• **ASSIGNMENT**: When the line containing "前进者触摸屏排队机(有线叫号方案)" is found in the data below, give it again along with every later line, exactly; drop the pictures.

_ _ _

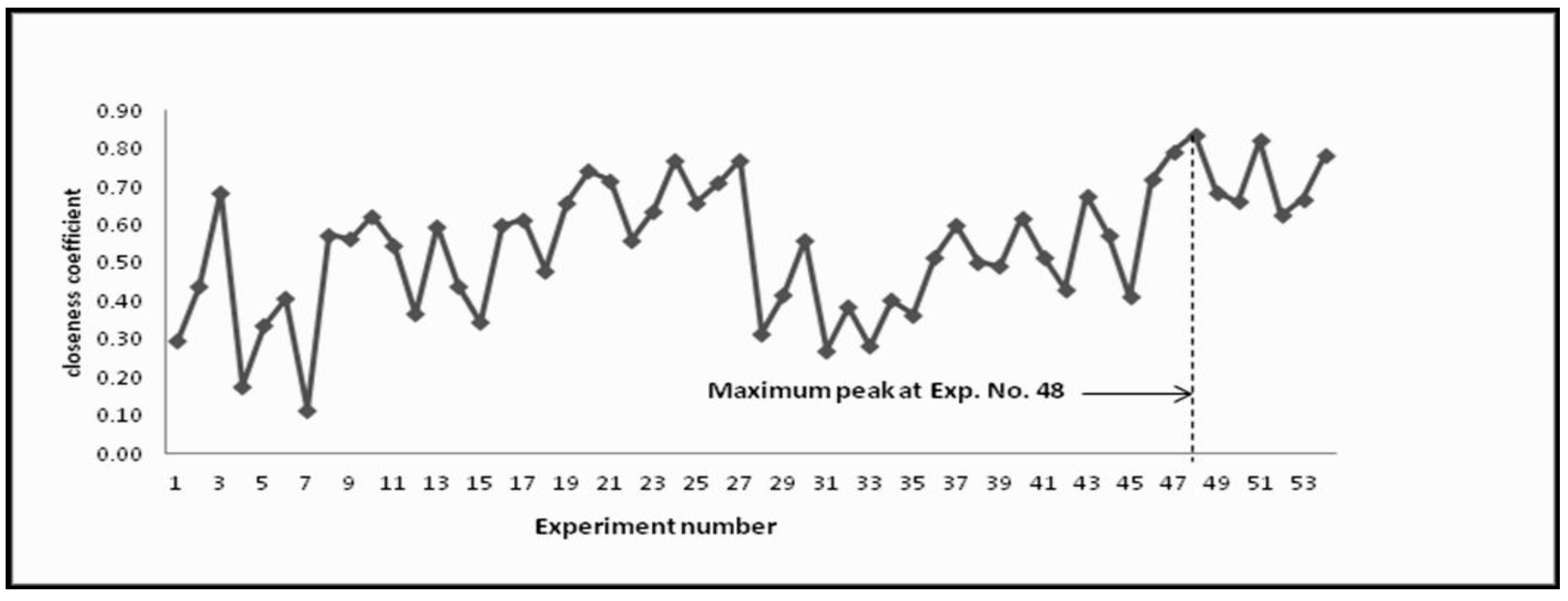 Metals 09 01338 g007 Metals 09 01338 g007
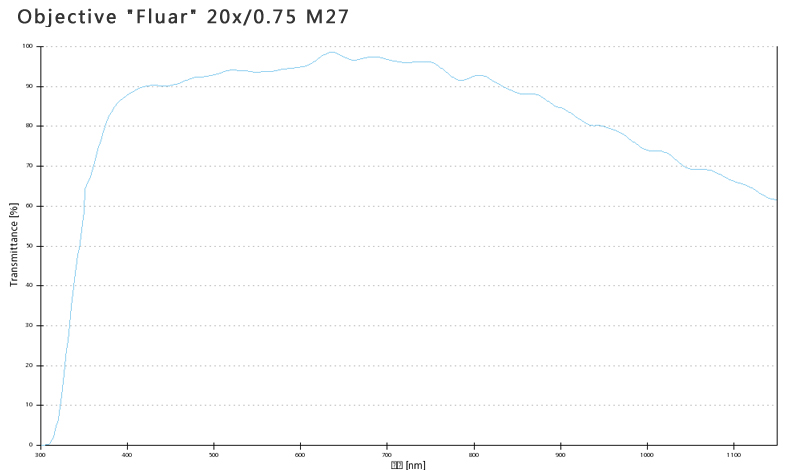 蔡司物镜ObjectiveFluar 2.5x/0.12 M27大视野平场大数值孔径物镜 蔡司物镜ObjectiveFluar 2.5x/0.12 M27大视野平场大数值孔径物镜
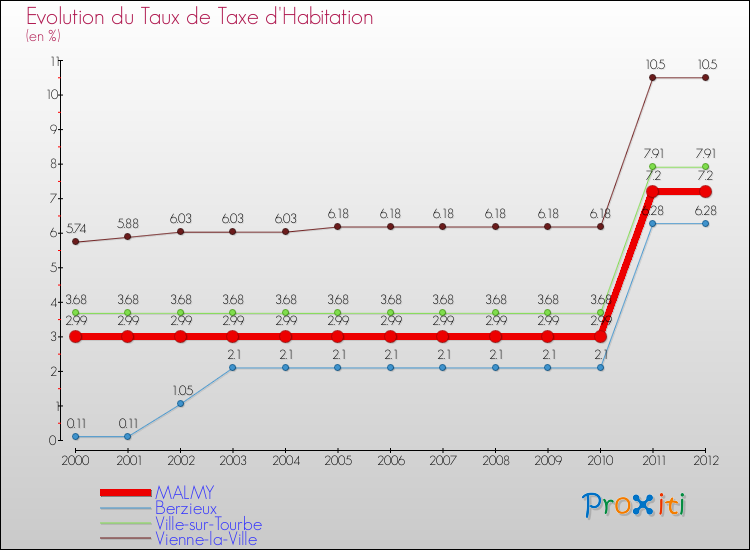 Evolution du taux de la taxe d'habitation pour MALMY et les communes proches Comparaison des taux de la taxe d'habitation pour MALMY et les communes voisines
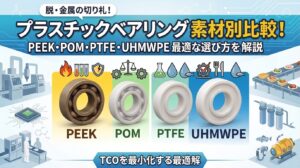 プラスチックベアリングの種類と用途【素材別比較】｜PEEK、POM、PTFEの最適な選び方の記事のサムネイル画像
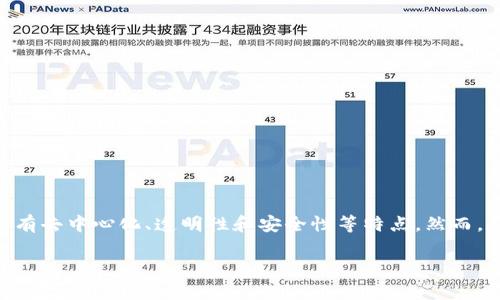 区块链游戏需要服务器是一个引起广泛关注的主题,随着区块链技术的普及,越来越多的游戏开发者和玩家开始了解采用区块链技术的游戏。该领域的游戏具有去中心化、透明性和安全性等特点。然而,尽管区块链游戏能够提供许多优势,不少人仍然对其基础设施,尤其是服务器的需求产生疑问。那么,区块链游戏究竟需要服务器吗?本文将对此进行深入探讨。
为什么区块链游戏需要服务器?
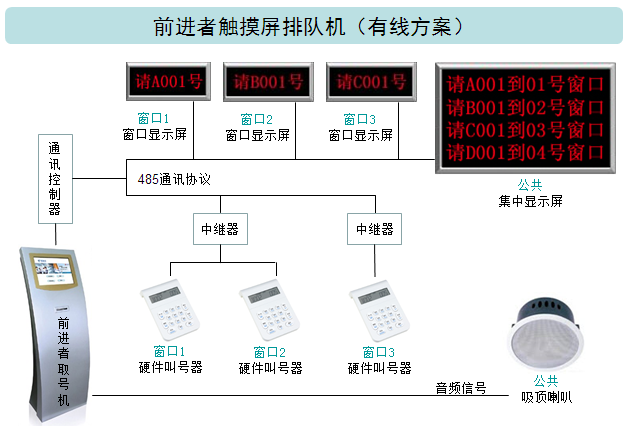 前进者触摸屏排队机(有线叫号方案)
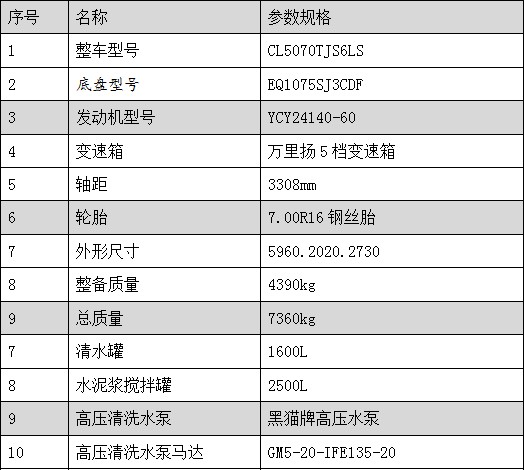 �����|�L������ˮ�����{����܇���g(sh��)����(sh��)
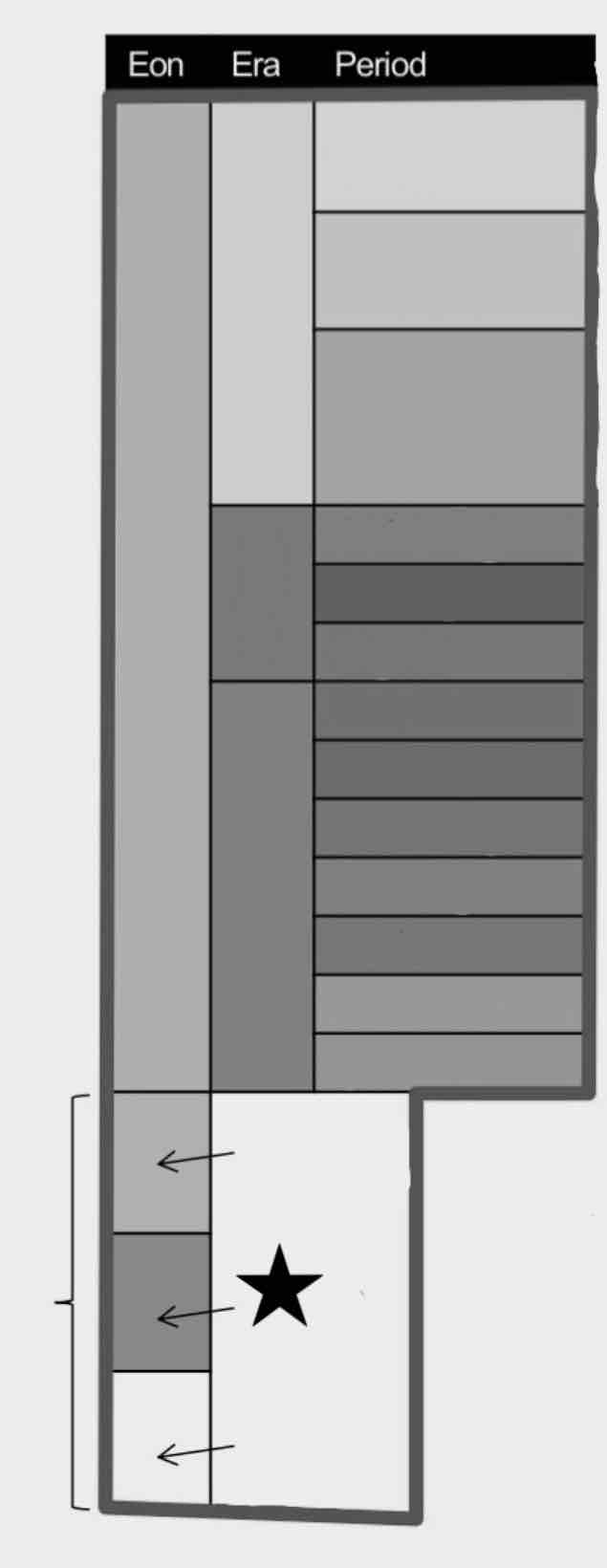 <p>Which Eon is this?</p>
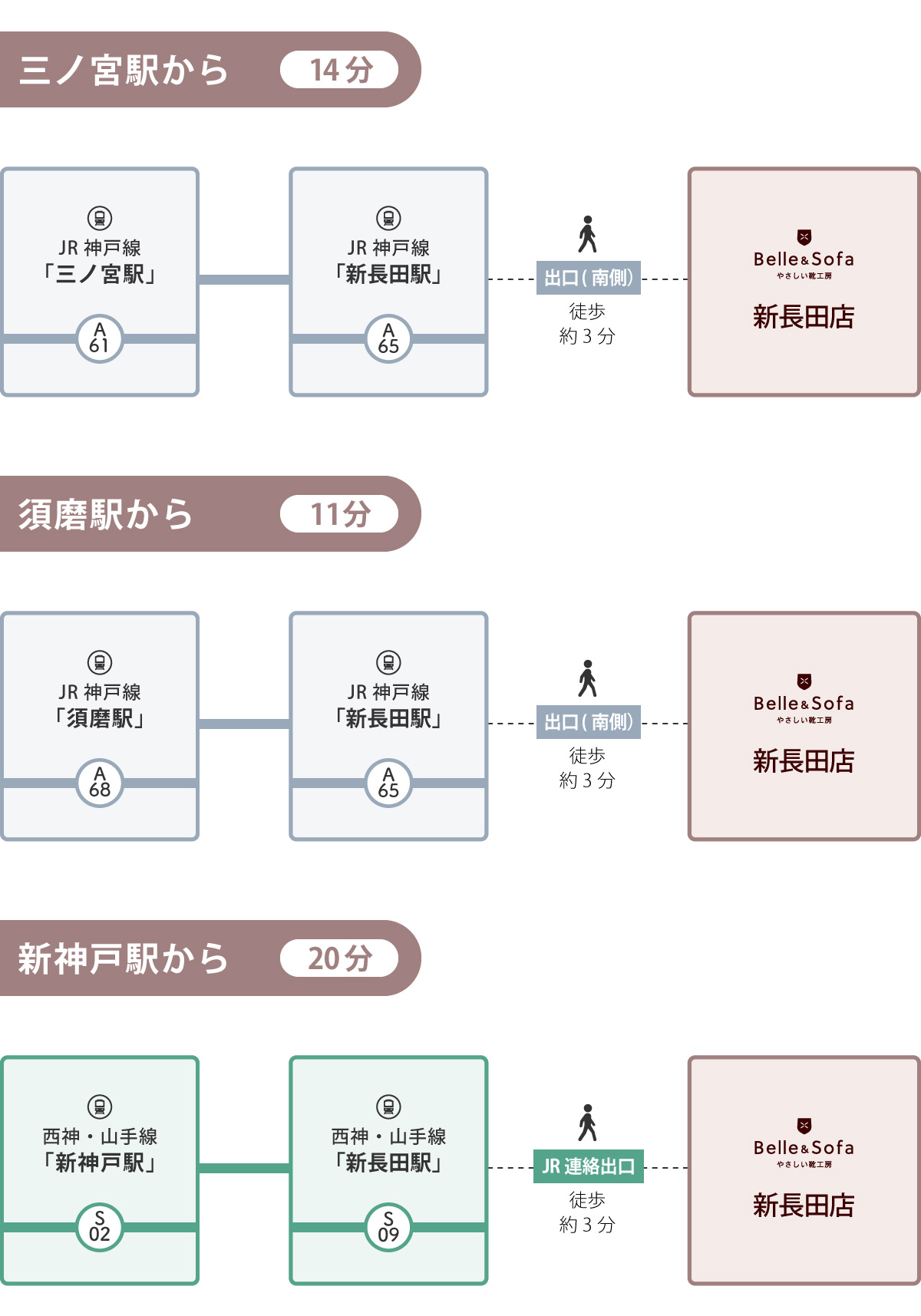 やさしい靴工房 Belle & Sofa ボーノ相模大野店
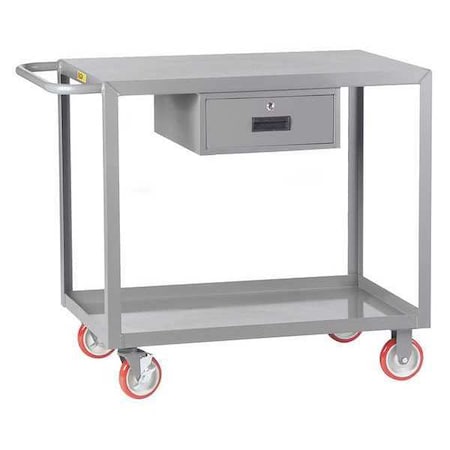 Mobile Workbench, 35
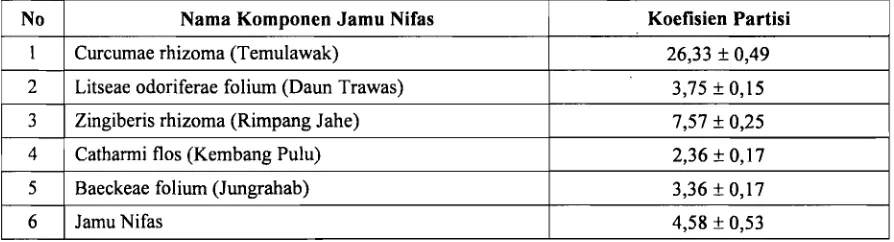 Tabel 3. Koefisien Partisi Komponen Jamu Nifas.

_ _ _

• **EXERCISE SOLUTION**:
 前进者触摸屏排队机(有线叫号方案)
 �����|�L������ˮ�����{����܇���g(sh��)����(sh��)
 <p>Which Eon is this?</p>
 やさしい靴工房 Belle & Sofa ボーノ相模大野店
 Mobile Workbench, 35
 Tabel 3. Koefisien Partisi Komponen Jamu Nifas.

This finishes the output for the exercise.